Take every line from the entries below that includes the word "should" and copy it.

**Saved data entries:**
——————

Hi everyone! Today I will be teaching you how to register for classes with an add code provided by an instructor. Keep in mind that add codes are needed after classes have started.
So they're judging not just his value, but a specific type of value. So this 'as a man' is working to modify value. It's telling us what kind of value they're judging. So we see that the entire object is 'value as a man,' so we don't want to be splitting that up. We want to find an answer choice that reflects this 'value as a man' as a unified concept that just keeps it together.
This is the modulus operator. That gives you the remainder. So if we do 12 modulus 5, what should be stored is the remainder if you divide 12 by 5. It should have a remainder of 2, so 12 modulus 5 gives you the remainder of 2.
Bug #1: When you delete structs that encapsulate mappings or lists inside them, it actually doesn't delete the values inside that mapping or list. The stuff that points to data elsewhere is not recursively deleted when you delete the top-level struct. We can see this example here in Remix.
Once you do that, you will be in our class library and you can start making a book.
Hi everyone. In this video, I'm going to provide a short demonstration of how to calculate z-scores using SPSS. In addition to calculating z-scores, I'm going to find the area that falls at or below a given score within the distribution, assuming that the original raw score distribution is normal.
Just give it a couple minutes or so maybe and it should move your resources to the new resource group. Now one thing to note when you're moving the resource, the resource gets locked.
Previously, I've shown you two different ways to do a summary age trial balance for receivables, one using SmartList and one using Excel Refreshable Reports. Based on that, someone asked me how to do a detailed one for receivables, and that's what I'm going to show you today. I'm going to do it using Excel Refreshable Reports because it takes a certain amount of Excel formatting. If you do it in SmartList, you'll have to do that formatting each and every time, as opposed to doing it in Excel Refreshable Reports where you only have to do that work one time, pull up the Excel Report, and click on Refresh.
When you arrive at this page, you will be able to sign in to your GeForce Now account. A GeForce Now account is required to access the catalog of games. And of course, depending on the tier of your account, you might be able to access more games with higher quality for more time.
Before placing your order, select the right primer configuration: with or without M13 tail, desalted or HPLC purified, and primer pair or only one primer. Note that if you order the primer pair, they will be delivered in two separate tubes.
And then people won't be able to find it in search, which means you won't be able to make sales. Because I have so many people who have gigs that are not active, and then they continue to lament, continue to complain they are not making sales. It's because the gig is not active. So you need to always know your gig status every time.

——————

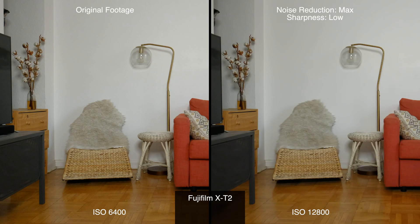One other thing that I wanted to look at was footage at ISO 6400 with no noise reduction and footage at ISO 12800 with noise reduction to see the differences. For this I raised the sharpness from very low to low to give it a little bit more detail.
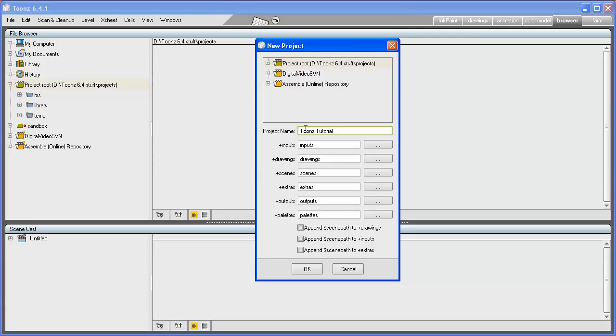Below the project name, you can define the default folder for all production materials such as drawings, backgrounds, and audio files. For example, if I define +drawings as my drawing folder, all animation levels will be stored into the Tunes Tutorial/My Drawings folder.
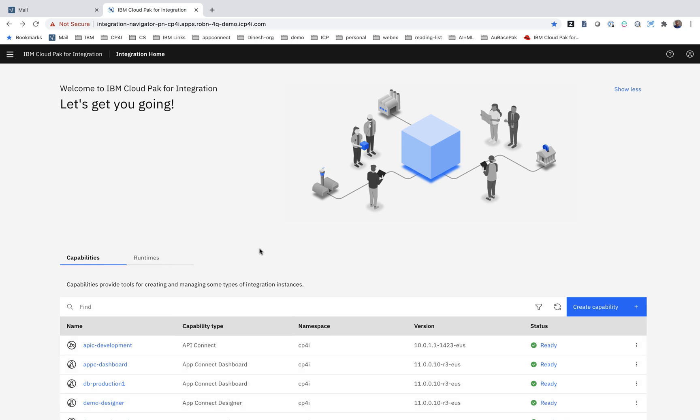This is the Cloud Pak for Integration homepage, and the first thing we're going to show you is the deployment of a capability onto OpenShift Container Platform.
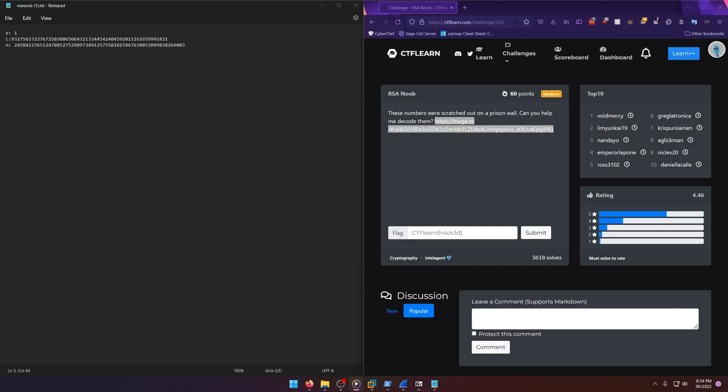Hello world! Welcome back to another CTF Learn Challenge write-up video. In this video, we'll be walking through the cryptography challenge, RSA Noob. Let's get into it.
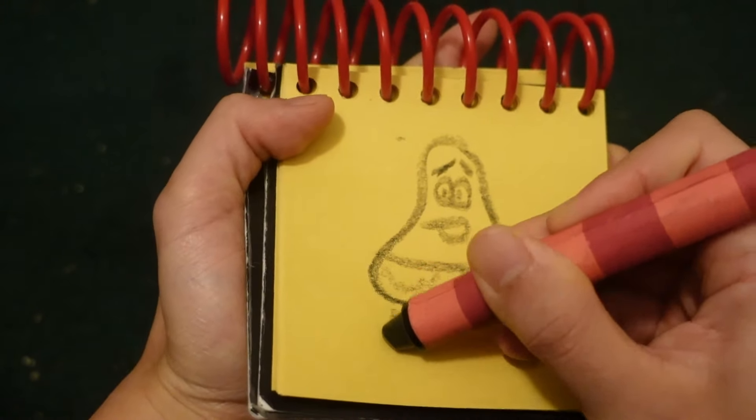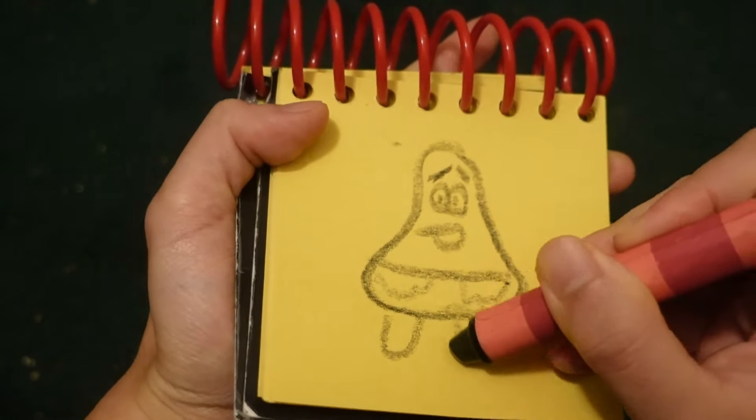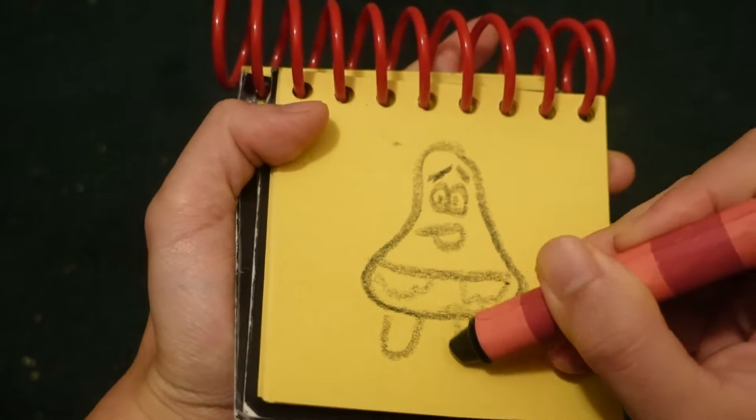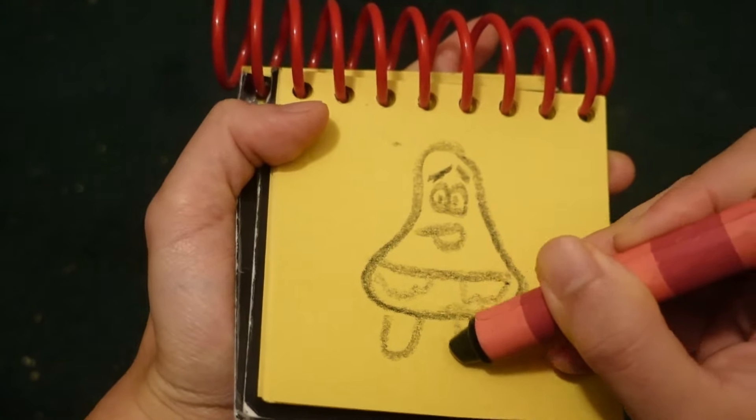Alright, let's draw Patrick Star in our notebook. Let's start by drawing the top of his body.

——————

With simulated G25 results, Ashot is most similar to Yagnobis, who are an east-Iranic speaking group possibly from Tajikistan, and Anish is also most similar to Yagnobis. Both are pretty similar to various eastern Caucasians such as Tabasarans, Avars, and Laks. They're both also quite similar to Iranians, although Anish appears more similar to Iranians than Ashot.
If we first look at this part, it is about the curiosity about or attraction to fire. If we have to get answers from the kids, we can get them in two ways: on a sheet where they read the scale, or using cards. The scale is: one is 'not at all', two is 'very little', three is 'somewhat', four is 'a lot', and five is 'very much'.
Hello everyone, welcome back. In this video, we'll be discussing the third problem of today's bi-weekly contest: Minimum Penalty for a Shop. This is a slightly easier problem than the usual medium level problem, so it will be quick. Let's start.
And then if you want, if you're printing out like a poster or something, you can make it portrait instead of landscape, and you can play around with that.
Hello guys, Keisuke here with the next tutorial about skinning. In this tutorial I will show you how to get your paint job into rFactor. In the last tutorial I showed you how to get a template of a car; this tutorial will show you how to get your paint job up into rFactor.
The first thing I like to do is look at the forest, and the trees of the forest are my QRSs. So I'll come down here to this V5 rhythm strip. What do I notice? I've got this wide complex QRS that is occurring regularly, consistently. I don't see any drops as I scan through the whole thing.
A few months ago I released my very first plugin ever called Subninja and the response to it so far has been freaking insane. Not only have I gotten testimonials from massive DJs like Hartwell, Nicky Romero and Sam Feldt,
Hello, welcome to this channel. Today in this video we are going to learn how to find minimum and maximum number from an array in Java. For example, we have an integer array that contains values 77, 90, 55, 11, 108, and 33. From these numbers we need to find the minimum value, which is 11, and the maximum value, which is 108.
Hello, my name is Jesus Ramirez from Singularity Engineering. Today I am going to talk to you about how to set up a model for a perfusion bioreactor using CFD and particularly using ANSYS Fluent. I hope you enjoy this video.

——————

**Your response:**
This is the modulus operator. That gives you the remainder. So if we do 12 modulus 5, what should be stored is the remainder if you divide 12 by 5. It should have a remainder of 2, so 12 modulus 5 gives you the remainder of 2.
Just give it a couple minutes or so maybe and it should move your resources to the new resource group. Now one thing to note when you're moving the resource, the resource gets locked.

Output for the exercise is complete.